Stuttgart - Der frühere Oberstaatsanwalt Bernhard Häußler muss endgültig keine Ermittlungen mehr wegen seiner Rolle beim Polizeieinsatz am 30. September 2010 im Stuttgarter Schlossgarten befürchten. Vor dem Oberlandesgericht (OLG) Karlsruhe ist jetzt ein Klageerzwingungsverfahren gescheitert, das die Anwältin einer Verletzten angestrengt hatte. Das OLG wies ihren Antrag ohne inhaltliche Prüfung als unzulässig zurück, weil er den strengen Anforderungen nicht genügt habe, sagte ein Gerichtssprecher. Damit bleibt es bei der von der Generalstaatsanwaltschaft Karlsruhe bestätigten Entscheidung der Staatsanwaltschaft Heidelberg, gegen Häußler kein Verfahren wegen fahrlässiger Körperverletzung im Amt durch Unterlassen einzuleiten.

 

Der wegen seines harten Vorgehens gegen Demonstranten umstrittene Oberstaatsanwalt hatte den „schwarzen Donnerstag“ an der Seite des Stuttgarter Polizeipräsidenten Siegfried Stumpf verbracht. Im Zuge des Stuttgarter Wasserwerfer-Prozesses war deutlich geworden, dass Stumpf Wasserstöße gegen die Köpfe von Demonstranten gesehen haben musste, aber nicht eingeschritten war. Gegen ihn kamen daraufhin doch noch Ermittlungen in Gang, nachdem Häußler ein Verfahren lange abgelehnt hatte. Stumpf akzeptierte schließlich einen Strafbefehl über 120 Tagessätze wegen fahrlässiger Körperverletzung im Amt und ist somit vorbestraft.

Geschehen im Schlossgarten beobachtet

Auf den im Prozess gezeigten Aufnahmen war zu sehen, wie der Oberstaatsanwalt neben dem Polizeipräsidenten das Geschehen im Schlossgarten beobachtete. Daraufhin kam eine Prüfung in Gang, ob auch er sich strafbar gemacht haben könnte, weil er nicht eingriff. Auf Bitten von Justizminister Rainer Stickelberger (SPD) wurde damit die Staatsanwaltschaft Heidelberg beauftragt. Sie kam zu dem Ergebnis, dass „unter allen in Betracht kommenden rechtlichen Gesichtspunkten“ kein Anfangsverdacht vorliege, also auch kein Verfahren einzuleiten sei.

Begründung: Häußler sei für den Wasserwerfereinsatz nicht zuständig gewesen und habe auch kein Weisungsrecht gegenüber der Polizei gehabt. Eine Beschwerde gegen die Entscheidung wies die Generalstaatsanwaltschaft Karlsruhe zu Jahresbeginn zurück.
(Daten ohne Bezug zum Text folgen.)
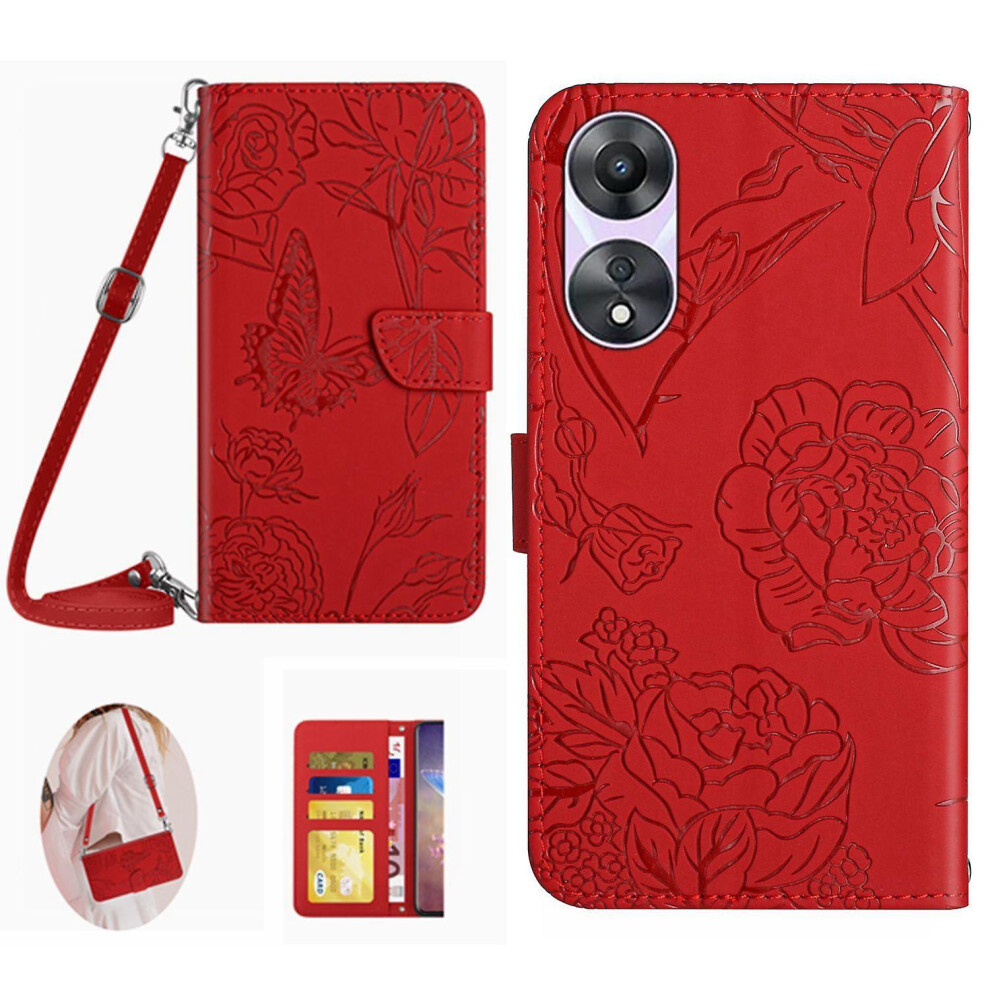 (Red) Ht03 Stand Phone Cover For Oppo A78 4G Imprinted Leather Wallet Case With Shoulder Strap Red 9017356233113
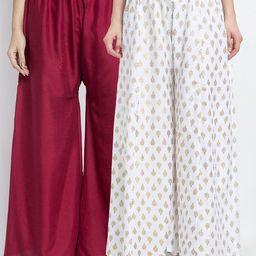 GRACIT Women Set of 2 Maroon & White Ethnic Motifs Printed Flared Knitted Palazzos-picture-40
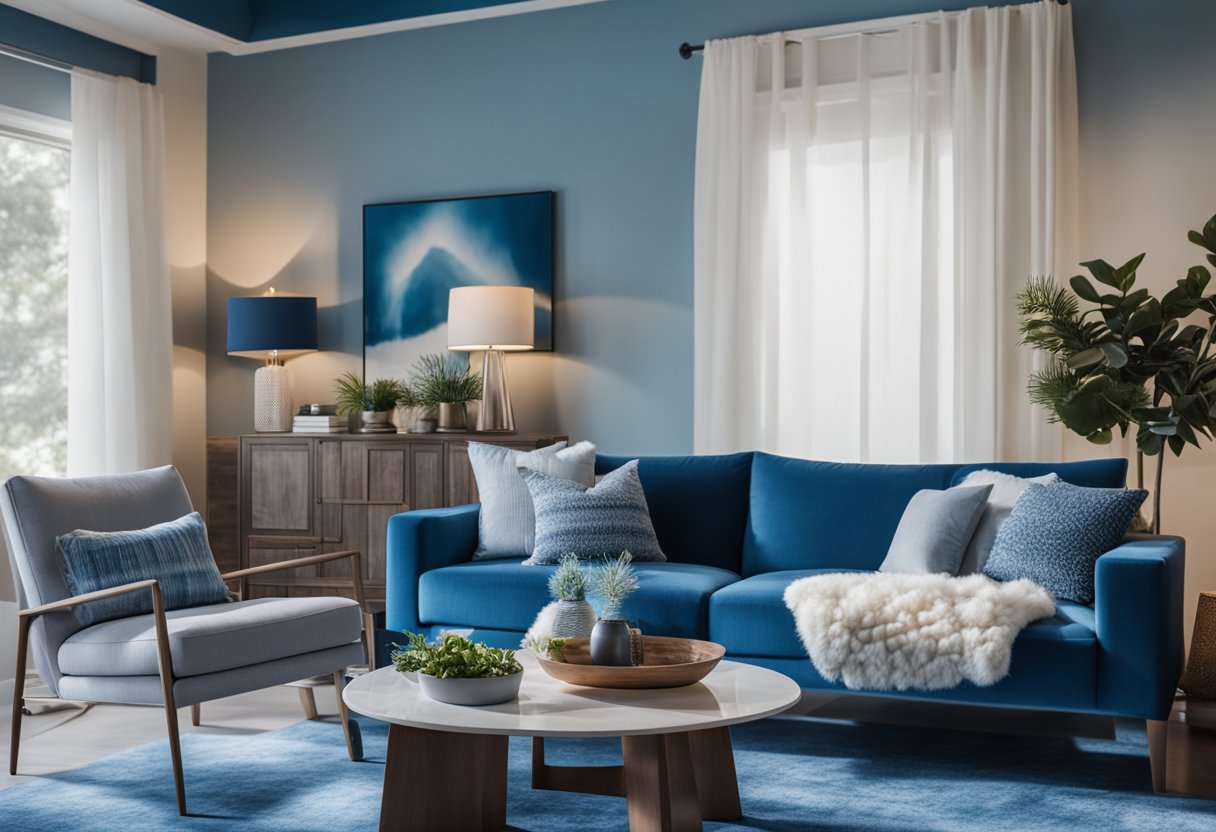 A cozy living room with a blue accent wall, adorned with modern furnishings and decorative accessories in shades of blue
Als Zeuge im Wasserwerferprozess hatte der inzwischen pensionierte Oberstaatsanwalt berichtet, wie er auf den aus dem Ruder laufenden Polizeieinsatz reagierte: Er habe seine Behörde darüber informiert und fortan, um nicht in Schwierigkeiten zu kommen, bei der Kommunikation der Polizei gezielt weggehört. Zugleich bekundete er sein Unverständnis, dass Demonstranten sich angesichts der Wasserwerfer selbst in Gefahr gebracht hätten.

Schon der Antrag genügte nicht den Anforderungen

Das OLG hat den Antrag auf Klageerzwingung nun als unzulässig eingestuft und „eine inhaltliche Prüfung des Tatvorwurfs . . .nicht vorgenommen“. Die Antragsschrift habe in mehreren Punkten nicht den strengen Anforderungen genügt, sagte der Sprecher. Nach der Strafprozessordnung müssen Antragsteller alle maßgeblichen Tatsachen und Beweismittel so umfassend darstellen, dass das Gericht allein auf dieser Grundlage entscheiden kann. Wichtige Punkte seien im konkreten Fall aber „allenfalls fragmentarisch wiedergegeben“ worden, bemängelte das Gericht.

So habe die Antragstellerin weder Häußlers Angaben noch die Urteilsbegründung im Wasserwerferprozess ausreichend referiert. Die Rechtsanwältin Ursula Röder, die den Antrag gestellt hatte, bedauerte die Entscheidung. Für das OLG sei es natürlich einfacher, diesen als unzulässig abzulehnen, statt sich inhaltlich damit zu beschäftigen. Für Röder bleibt das Verhalten Häußlers weiterhin unverständlich. „Ein erfahrener Staatsanwalt, der gerne mal die kleinste Kleinigkeit verfolgt, zum Beispiel durchgestrichene Hakenkreuze, darf sich nicht einfach abwenden, wenn Demonstranten, darunter Kinder und alte Menschen, massivem Wasserwerfereinsatz ausgesetzt werden“, sagte sie der StZ. „Er sieht vor Ort, dass ein Einsatz völlig aus dem Ruder gelaufen ist und unternimmt nichts, er zieht sich auf formale Begründungen und eine Bringschuld der Polizei zurück, anstatt Schlimmeres zu verhindern.“ Das müsse man ihm vorhalten, auch wenn die Sache für ihn juristisch abgeschlossen sei.